In 1968, the Negro Ensemble Company in New York produced Kongi’s Harvest. While still imprisoned, Soyinka translated from Yoruba a fantastical novel by his compatriot D. O. Fagunwa, called The Forest of a Thousand Demons: A Hunter’s Saga.

Release and literary production…
In October 1969, when the civil war came to an end, amnesty was proclaimed, and Soyinka and other political prisoners were freed. For the first few months after his release, Soyinka stayed at a friend’s farm in southern France, where he sought solitude. He wrote The Bacchae of Euripides (1969), a reworking of the Pentheus myth. He soon published in London a book of poetry, Poems from Prison.
In 1970, he produced the play Kongi’s Harvest, while simultaneously adapting it as a film by the same title. In June 1970, he finished another play, called Madman and Specialists.


In 1971, his poetry collection A Shuttle in the Crypt was published. Madmen and Specialists was produced in Ibadan that year. Soyinka travelled to Paris to take the lead role as Patrice Lumumba, the murdered first Prime Minister of the Republic of the Congo, in the production of his Murderous Angels. His powerful autobiographical work The Man Died (1971), a collection of notes from prison, was also published.


In 1972, he was awarded an Honoris Causa doctorate by the University of Leeds. Soon thereafter, his novel Season of Anomy (1972) and his Collected Plays (1972) were both published by Oxford University Press. In 1973, his plays Camwood on the Leaves and Jero’s Metamorphosis were first published.


In 1974, his Collected Plays, Volume II was issued by Oxford University Press. In 1976, he published his poetry collection Ogun Abibiman, as well as a collection of essays entitled Myth, Literature and the African World.


In 1977 Opera Wọnyọsi, his adaptation of Bertold Brecht’s The Threepenny Opera, was staged in Ibadan. In 1979, he both directed and acted in Jon Blair and Norman Fenton’s drama, The Biko Inquest, a work based on the life of late Steve Biko, a South African student and human rights activist who was beaten to death by apartheid police forces. In 1981, Soyinka published his autobiographical work Ake: The Years of Childhood, which won a 1983 Anisfield-Wolf Book Award.

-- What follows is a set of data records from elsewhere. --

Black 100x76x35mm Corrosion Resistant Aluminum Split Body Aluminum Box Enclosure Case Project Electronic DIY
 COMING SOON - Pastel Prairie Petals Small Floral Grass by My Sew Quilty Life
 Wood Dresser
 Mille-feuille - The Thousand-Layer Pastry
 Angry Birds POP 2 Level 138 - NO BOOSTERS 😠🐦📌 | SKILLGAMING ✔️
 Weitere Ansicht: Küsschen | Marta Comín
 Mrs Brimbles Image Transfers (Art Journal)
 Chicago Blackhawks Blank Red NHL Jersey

In 1983, his play, Requiem for a Futurologist, had its first performance at the University of Ife. In July, one of Soyinka’s musical projects, the Unlimited Liability Company, issued a long-playing record entitled I Love My Country, in which several prominent Nigerian musicians played songs composed by Soyinka. In 1984, he directed the film Blues for a Prodigal; his new play A Play of Giants was produced the same year.


In 1988, his collection of poems Mandela’s Earth, and Other Poems was published, while in Nigeria another collection of essays entitled Art, Dialogue and Outrage: Essays on Literature and Culture appeared. In the same year, Soyinka accepted the position of Professor of African Studies and Theatre at Cornell University. In 1990, the second portion of his memoir Isara: A Voyage Around Essay appeared. In 1994, another part of his autobiography appeared: Ibadan: The Penkelemes Years (A Memoir: 1946–1965). The following year his play The Beatification of Area Boy was published.


In 1996, his book The Open Sore of a Continent: A Personal Narrative of the Nigerian Crisis was first published. In 1999 a new volume of poems entitled Outsiders was released. His play King Baabu, premiered in Lagos in 2001, a political satire on the theme of African dictatorship. In 2002, a collection of his poems, Samarkand and Other Markets I Have Known, was published by Methuen. In April 2006, his memoir You Must Set Forth at Dawn was published by Random House.